Le roman de Nicolas Mathieu se prêtait parfaitement à la veine du cinéma social des Frères Dardenne ou d'un Stéphane Brizé, avec ses personnages cabossés et son sous-texte sociologique. Ce n'est pas du tout le choix des frères Boukherma. Ils choisissent plutôt de s'inscrire dans les pas d'un Xavier Dolan avec un film plein d'entrain et de passion sur la jeunesse et la soif de liberté. Les premiers émois d'Anthony, les rapports violents avec son père, son désir d'appartenir, de se conformer, ou à l'inverse la recherche de son identité...tout ça est très bien amené, grâce à une mise en scène sensible et une bande-son omniprésente, comme chez Dolan.

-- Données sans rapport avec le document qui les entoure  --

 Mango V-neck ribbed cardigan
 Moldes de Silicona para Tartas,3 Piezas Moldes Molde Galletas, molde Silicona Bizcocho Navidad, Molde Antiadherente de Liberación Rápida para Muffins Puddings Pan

Le problème, c'est qu'à l'inverse, le contexte social est relégué au second-plan. Il est même réduit à un décor qu'on aperçoit de temps à autre, cette immense usine rouillée autour de laquelle les ados se retrouvent parfois, ou encore ces intérieurs et ces quartiers ouvriers qui dénotent par rapport au quartier des filles. Pourquoi , au fond, la relation entre Steph et Anthony ne décolle-t-elle jamais vraiment ? C'est qu'ils viennent de deux mondes différents, et Clémence, en particulier, n'a pas envie de cette réalité dans laquelle, elle le devine, Anthony baigne. Nicolas Mathieu nous le suggère magnifiquement dans son roman. Le film n'a même pas esquissé l'once d'une analyse dans ce sens...Attention, il s'agit d'une adaptation, et loin de moi l'idée la juger à l'aune du contenu du livre. Au contraire, je préfère largement les propositions de cinéma qui s'émancipent de leur modèle littéraire, comme le fait par exemple Le Comte de Monte-Cristo cette année. Mais, même en ne considérant le film qu'en lui-même, on sent qu'une dimension n'est qu'effleurée, qu'on rate quelque chose.
On a même l'impression que les réalisateurs ont conscience de leur faiblesse, et tentent d'y remédier un peu maladroitement, par exemple avec cette séquence autour de l'enterrement du maire. Pourquoi parle-t-on de lui soudainement ? Que vient-il faire là, si ce n'est donner l'occasion des retrouvailles entre les parents d'Anthony ? Ne s'agit-il pas plutôt d'une figure de cette France rurale abandonnée, dont on a un peu omis de brosser le portrait pendant nos balades en moto sur fond de tubes des années 90 ? C'est dommage, parce que j'ai beaucoup aimé la sincérité et l'envie qui se dégagent constamment du film. On est emportés, on vibre avec les personnages. C'est le cinéma qui me plaît habituellement. Mais il reste à la fin comme une impression d'inachevé, une façon globale de survoler les choses qui fâchent là où le fond de l'intrigue invitait au contraire à s'y plonger allègrement. Il y avait sûrement un juste-milieu entre le misérabilisme que les frères ont très bien évité, et le trop-plein dolanien qui ne convenait pas complètement au propos ni à l'intrigue. Il n'a pas été trouvé.